Recommendations for node operators

  • Restore from snapshot if behind: If your node falls significantly behind the chain head, restoring from a snapshot is the fastest way to resync.
  • Ensure your setup is optimized: Monitor your node logs for signs of high resource usage or network latency, and ensure your setup has sufficient CPU, RAM, and disk I/O capacity to handle larger blocks. We recommend using a locally attached NVMe SSD for optimal disk performance.
  • Consider redundancy & load-balancing: Running a secondary node or using a load balancer can help maintain uptime and stability if you process a significant transaction volume.

Next steps

  • Refine batcher logic: We are iterating on our batching mechanism to prevent large backlog scenarios due to L1 congestion and ensure smoother block size transitions.
  • Improve mempool management: We plan to scale transaction pool systems to reduce dropped transactions.
  • Expand operator guidance: Additional tools and documentation will be released for troubleshooting and faster sync recovery.

User guidance

  • Resubmit dropped transactions: If your transaction was dropped as a result of the aforementioned issues, simply resubmit it with an appropriate gas fee.
  • Utilize stable RPC providers: If your self-hosted node remains out of sync, consider routing through a third-party RPC provider while you recover or resync.

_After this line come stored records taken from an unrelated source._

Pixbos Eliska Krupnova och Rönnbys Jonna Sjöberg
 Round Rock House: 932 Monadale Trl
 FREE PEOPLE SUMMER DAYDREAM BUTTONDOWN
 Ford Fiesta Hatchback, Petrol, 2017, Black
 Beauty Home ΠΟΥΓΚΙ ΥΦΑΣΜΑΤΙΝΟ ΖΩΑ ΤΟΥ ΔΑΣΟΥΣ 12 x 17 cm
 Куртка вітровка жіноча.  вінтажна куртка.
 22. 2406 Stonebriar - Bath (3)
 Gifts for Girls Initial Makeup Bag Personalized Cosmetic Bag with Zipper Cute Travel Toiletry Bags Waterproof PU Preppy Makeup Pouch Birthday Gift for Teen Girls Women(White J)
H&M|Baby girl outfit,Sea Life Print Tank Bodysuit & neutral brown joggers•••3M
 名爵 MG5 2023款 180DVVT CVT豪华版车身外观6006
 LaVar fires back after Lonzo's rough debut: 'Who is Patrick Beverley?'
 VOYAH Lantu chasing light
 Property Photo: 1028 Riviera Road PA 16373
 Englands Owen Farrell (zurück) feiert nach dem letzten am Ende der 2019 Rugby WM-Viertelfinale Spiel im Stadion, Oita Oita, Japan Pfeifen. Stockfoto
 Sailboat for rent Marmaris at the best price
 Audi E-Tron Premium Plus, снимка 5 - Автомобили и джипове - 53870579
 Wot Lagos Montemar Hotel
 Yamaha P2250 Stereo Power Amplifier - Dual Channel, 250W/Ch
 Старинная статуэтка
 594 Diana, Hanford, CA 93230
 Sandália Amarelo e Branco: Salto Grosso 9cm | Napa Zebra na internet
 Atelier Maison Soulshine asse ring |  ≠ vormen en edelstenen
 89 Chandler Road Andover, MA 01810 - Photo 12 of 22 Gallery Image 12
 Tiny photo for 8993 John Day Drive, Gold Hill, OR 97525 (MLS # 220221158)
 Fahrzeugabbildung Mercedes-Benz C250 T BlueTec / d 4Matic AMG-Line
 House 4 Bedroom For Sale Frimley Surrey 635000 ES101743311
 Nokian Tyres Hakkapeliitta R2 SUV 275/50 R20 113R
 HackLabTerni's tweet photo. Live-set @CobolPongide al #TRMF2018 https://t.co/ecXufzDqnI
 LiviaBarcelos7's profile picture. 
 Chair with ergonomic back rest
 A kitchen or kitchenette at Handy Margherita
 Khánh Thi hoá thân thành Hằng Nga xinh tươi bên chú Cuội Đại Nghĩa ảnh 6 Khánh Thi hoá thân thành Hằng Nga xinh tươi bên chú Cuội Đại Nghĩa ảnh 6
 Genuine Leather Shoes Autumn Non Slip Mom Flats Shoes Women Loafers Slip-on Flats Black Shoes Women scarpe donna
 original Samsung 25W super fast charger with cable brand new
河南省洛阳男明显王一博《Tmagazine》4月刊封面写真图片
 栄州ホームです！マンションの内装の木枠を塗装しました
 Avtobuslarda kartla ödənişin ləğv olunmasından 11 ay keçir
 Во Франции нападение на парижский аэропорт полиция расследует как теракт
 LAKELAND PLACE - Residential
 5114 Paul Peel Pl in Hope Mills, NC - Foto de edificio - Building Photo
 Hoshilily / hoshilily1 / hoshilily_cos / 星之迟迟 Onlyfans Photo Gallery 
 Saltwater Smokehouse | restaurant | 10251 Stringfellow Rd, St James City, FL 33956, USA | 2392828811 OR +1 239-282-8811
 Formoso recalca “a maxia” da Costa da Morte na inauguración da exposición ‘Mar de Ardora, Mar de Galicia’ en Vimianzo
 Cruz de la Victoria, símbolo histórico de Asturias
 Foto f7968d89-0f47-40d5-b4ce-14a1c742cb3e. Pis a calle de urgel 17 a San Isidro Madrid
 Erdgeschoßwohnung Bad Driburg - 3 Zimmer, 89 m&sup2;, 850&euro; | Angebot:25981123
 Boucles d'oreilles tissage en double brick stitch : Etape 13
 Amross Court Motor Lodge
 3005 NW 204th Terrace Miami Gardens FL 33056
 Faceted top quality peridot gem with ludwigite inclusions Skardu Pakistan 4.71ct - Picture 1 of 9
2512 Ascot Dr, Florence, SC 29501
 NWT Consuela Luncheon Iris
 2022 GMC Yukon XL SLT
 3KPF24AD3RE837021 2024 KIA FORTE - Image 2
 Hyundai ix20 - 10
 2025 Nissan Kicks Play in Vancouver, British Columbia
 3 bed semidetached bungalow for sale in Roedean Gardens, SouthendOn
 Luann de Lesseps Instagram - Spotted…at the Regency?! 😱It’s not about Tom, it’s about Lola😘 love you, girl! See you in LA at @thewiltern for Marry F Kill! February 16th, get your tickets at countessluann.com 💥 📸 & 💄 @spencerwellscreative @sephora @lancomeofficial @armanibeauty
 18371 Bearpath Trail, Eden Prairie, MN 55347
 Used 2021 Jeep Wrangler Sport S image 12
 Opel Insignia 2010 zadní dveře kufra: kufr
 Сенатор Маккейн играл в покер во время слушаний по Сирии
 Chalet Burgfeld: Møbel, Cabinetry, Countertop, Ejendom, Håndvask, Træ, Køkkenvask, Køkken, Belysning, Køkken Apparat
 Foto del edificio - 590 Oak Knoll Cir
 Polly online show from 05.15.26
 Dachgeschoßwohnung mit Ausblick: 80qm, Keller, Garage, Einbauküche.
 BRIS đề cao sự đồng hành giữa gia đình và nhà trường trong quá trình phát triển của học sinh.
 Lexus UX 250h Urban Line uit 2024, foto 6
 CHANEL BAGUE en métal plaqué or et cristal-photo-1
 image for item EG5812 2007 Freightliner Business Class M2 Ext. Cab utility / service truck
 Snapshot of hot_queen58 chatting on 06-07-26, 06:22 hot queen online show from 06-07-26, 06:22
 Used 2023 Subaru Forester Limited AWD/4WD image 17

For support or questions, please don’t hesitate to contact us in the Base Discord, we're happy to help you there.

Posted Apr 09, 2025 - 19:50 UTC

Resolved

This incident has been resolved.
Posted Apr 09, 2025 - 19:36 UTC

Monitoring

A fix has been implemented and we are monitoring the results.
Posted Apr 09, 2025 - 04:39 UTC

Update

We are continuing to investigate this issue.
Posted Apr 09, 2025 - 03:23 UTC

Investigating

We are currently investigating this issue.
Posted Apr 09, 2025 - 03:21 UTC
This incident affected: Mainnet (Transaction pool).